What probably stops things from collapsing are a decent cast, who are mostly much better than the script deserves. Voight and Meyers in particular, have a very good dynamic, their relationship gradually becoming more fractured, especially after Patrick realizes it was Sean who shot Ryan. The pair are fun to watch, and in Sean we have a particularly nasty villain, with absolutely no qualms about cold-blooded murder. Even here though, the story manages to screw things up, with a ludicrous brawl between father and son. Jon Voight is eighty-four years old, people. When I reach that age, I’ll be satisfied simply to be walking without assistance, and will not be fighting anyone. Trust me.

There might be a bit less of Gibson in this than I expected, with the movie occasionally appearing to forget about her. The army background does give a solid base to explain her hand-to-hand skills: she wasn’t “just” a medic, shall we say. There’s a largely unnecessary prelude which throws in a dead husband and apparently gives Michele bomb-disposal skills, courtesy of the ghost of her husband. Ok, while I made the last bit up, it probably makes as much sense as what the finale provides. It’s the kind of film where I feel a bit sorry for the leads; I can’t help feeling they deserve better material.

Dir: Tony Dean Smith
Star: Leah Gibson, Jonathan Rhys Meyers, Jon Voight, Anthony Bolognese
The film is released in select theatres on May 12, on digital May 19, and is available On Demand from June 2.

My Sisters


“Sisters that’ll have you crying for mercy.”

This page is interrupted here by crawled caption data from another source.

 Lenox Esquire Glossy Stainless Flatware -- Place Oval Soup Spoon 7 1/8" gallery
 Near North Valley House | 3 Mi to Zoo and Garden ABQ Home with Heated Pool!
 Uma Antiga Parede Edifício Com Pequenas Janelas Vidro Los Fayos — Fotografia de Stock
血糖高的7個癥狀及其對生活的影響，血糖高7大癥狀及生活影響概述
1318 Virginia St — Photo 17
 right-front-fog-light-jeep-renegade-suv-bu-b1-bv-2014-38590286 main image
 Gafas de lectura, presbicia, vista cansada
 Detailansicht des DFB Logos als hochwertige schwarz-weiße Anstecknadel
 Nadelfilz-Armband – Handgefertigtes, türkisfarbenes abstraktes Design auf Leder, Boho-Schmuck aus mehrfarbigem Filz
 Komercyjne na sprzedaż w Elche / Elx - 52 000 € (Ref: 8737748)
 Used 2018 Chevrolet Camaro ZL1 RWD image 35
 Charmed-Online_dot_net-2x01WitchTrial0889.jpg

This felt oddly familiar, like I had watched it before. One scene in particular – a maintenance man comes to replace a light-bulb, only to become an apparent threat – had me certain I had seen this. But no review of it existed, either here or Film Blitx, my non-GWG site. [For, make no mistake, its credentials here are fringey at best.] My working theory is that I probably fell asleep and missed so much, I deemed it impossible to review, then forgot about it entirely. Yet here we are. I managed to stay awake for an adequate amount of time this viewing, though full disclosure: I did have to pause it about 15 minutes in. I’m still reviewing it  – mostly so I don’t go round the loop a third time.

The hook here is that the whole thing was filmed in 24 hours, something touted by, it feels, every member of the cast and crew during the end credits. On the one hand, it is quite an impressive achievement, considering even the quickest of quota quickies would still need several days [Though 24 hours would be an eternity for Rendez-vous, shot using one take, the first, and thus filmed in under two hours] To the movie’s credit, technically it looks pretty good. The audio is a little ropey in places, however. My question would be: why film it in one day? What did this add to the film? For it seems no more than a pointless gimmick.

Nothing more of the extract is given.